Example: "Doors at 7.15."
Doors do what? Open? Sit slightly ajar? Rotate in five dimensions? When is the support on? When is the actual event? Are they just trying to screw up your entire evening?
These questions were high in our mind as we queued outside the venue on Saturday night. The people behind us in the queue milled around, unconcerned with the world. Gradually, they became the people next to us in the queue. And then slightly ahead of us in the queue. Completely unaware of the world around them, or of the curious pressure I was feeling. Fortunately, the queue started moving, and they were no longer in front of us. Indeed, much of the queue moved past them...

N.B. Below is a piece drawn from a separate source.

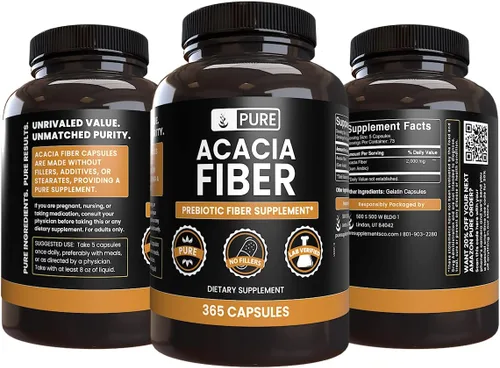 Miniatura 2 de Pure Original Ingredients Fibra de acacia (365 cápsulas) sin magnesio o rellenos de arroz, siempre pura, verificada por laboratorio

Many people there knew the venue. We didn't. They knew where to stand and mill around to stand a good chance of getting seats. We didn't. We were, however, early enough in there to get a stonking place to stand - just next to the sound desk, handy for the bar, and with a fantastic view of the stage.
But was it any good?
Why yes. It was simply sublime. The support act, Heidi Talbot opened for Eddi, and performed six or seven songs from her album In Love and Light, accompanied by the always excellent Boo Hewerdine
on guitar. I believe it's her first tour as a solo act, and she was a pleasure - a slightly nervous stage presence, but when she sang it was clear and confident - a faintly ethereal quality to her voice without it being contrived in any way.
Eddi Reader took to the stage about 9. And for a shade over 2 hours, she filled the room with a mixture of material from her new album ("Buy the bootleg because I need a new Dyson"), her Burns album, and the occasional song from the very early 90s. Funny, approachable, stunning, and a pleasure to listen to - the highlights would be when she performed a song with just her and drums, and when she dragged Brian Kennedy on to the stage to join her for an encore.
That said, it was the first gig I've been to that I can remember where they skipped that business where the band go off, and the audience clap, and the band go back on again. It turned out they were tight for time - at 11.30, the venue had to become a night club, people had to pay to get in, so the band had to clear out. A shame, because you really felt that they wanted to play on for hours. And I'd have been happy to watch them.